Sharp 4 flute endmill, faster speed, slower feed?


----------



## ELHEAD (Jul 13, 2015)

T Bredehoft said:


> What, not driving it?  (It appears to be on a trailer)


Trailer queen?


----------



## dlane (Jul 13, 2015)

Next time I'll try a smaller end mill and two passes , or a four flute at higher speed . These casings have a taper to them so the collet try's to hold on the front , I might try to taper a e collet for them also
These were kind of a rush job I cleaned them up with a file.
Thanks 
Derrick 
The car isn't registered or finished yet 
It dose run


----------



## T Bredehoft (Jul 13, 2015)

dlane said:


> The car isn't registered or finished yet
> It does run



So long as you plan to drive it , Trailer Queens are the domain of the idle rich. Nobody here qualifies. We're not idle.


----------



## royesses (Jul 13, 2015)

T Bredehoft said:


> So long as you plan to drive it , Trailer Queens are the domain of the idle rich. Nobody here qualifies. We're not idle.

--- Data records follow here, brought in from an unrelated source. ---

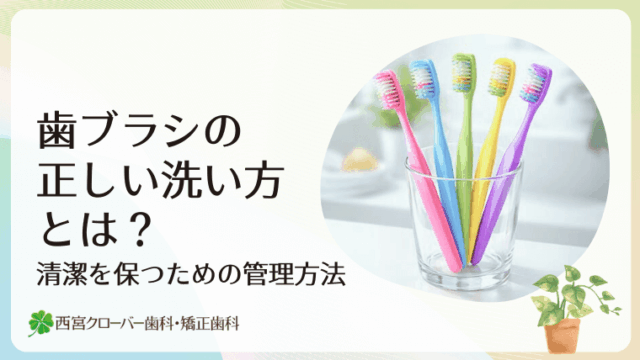 歯ブラシの正しい洗い方とは？清潔を保つための管理方法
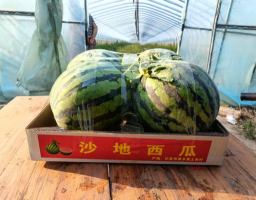 开封杞县沙地西瓜喜获大丰收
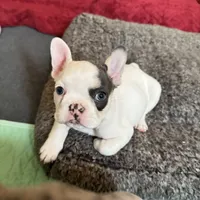 processed/06320814-b83f-4c34-88eb-7f963a0bea77/facility/ed34a8e6-68be-41c8-9c00-b2eab9d56623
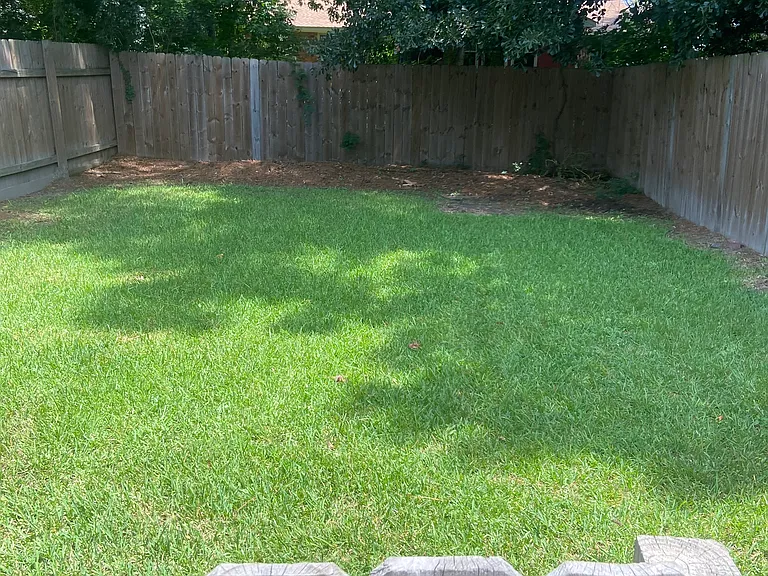 Completely fenced backyard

And not rich, speaking for me only.


----------



## Bill C. (Jul 13, 2015)

dlane said:


> Next time I'll try a smaller end mill and two passes , or a four flute at higher speed . These casings have a taper to them so the collet try's to hold on the front , I might try to taper a e collet for them also
> These were kind of a rush job I cleaned them up with a file.
> Thanks
> Derrick
> ...



I going to say touch them up with a small jeweler flat file.  I never looked messed with cartridges so I didn't know they were tapered.  Makes sense they would be for faster chamber loading and ejecting. 

 My uncle make lighters out of brass and cartridges for officers during WWII


----------



## Bill C. (Jul 13, 2015)

Are they selling well?


----------



## dlane (Jul 13, 2015)

Mostly make 50bmg wrighting pens out of them, also all 30 cal casings. They do sell good on line and at shows
Thanks
Derrick


----------



## ELHEAD (Jul 13, 2015)

Maybe another post for the Dodge (work-in-progress).


----------



## Wreck™Wreck (Jul 13, 2015)

The machine and the endmill are flexing, when the tool passes through the end of the cut, the tool is unloaded on the leading edge, it springs back and leaves an artifact in its wake which is what you are seeing (one side climb milling the other side is conventional milling) Either slow the feed down too a crawl or do  2 passes, rough and finish. 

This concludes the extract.